Overall, nutritionists advise treating these beverages as occasional treats rather than daily staples. “Many of the large, sugary coffee drinks on the market are nutritionally nearly identical to desserts,” Fielding-Singh notes. “This doesn’t suggest that they can’t be enjoyed, but it may be more beneficial to regard them as a treat rather than a part of one’s routine diet.”

Key Takeaways

  • Be aware that some Dunkin’ drinks can have up to 172 grams of sugar.
  • Consider occasional consumption of sugary drinks as part of a balanced diet.
  • Understand the importance of monitoring your sugar intake from beverages.
  • Small modifications in ordering can help reduce sugar content.
  • Regular sugary drink consumption is linked to health issues like Type 2 diabetes.
  • Enjoy sweetness without overwhelming flavor by choosing lower-sugar options.

FAQ

Are all Dunkin’ drinks high in sugar?

No, not all drinks are high in sugar, but some large-sized options can have surprisingly high levels of sugar, especially those made with skim milk.
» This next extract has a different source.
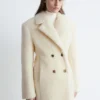 Maxikåpe i ull og shearling Maxikåpe i ull og shearling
Is it safe to consume sugary drinks occasionally?

Yes, consuming sugary drinks occasionally is generally safe for most people, particularly if it’s within the context of an overall balanced diet.

How can I reduce sugar in my drink orders?

You can request fewer pumps of syrup, choose smaller sizes, or opt for alternatives like milk to cut down on the sugar content in your beverages.

What are the health risks associated with sugary drinks?

Consistent consumption of sugary drinks may lead to increased risks of Type 2 diabetes, heart disease, and other chronic health issues.

What should I consider when consuming sugary beverages?

Being mindful of your overall sugar intake and frequency of sugary drink consumption can help mitigate health risks.

Reviewed by

Lauren Manaker MS, RDN, LD, CLEC: Lauren is an award-winning registered dietitian and three-time book author, with more than 22 years in the field.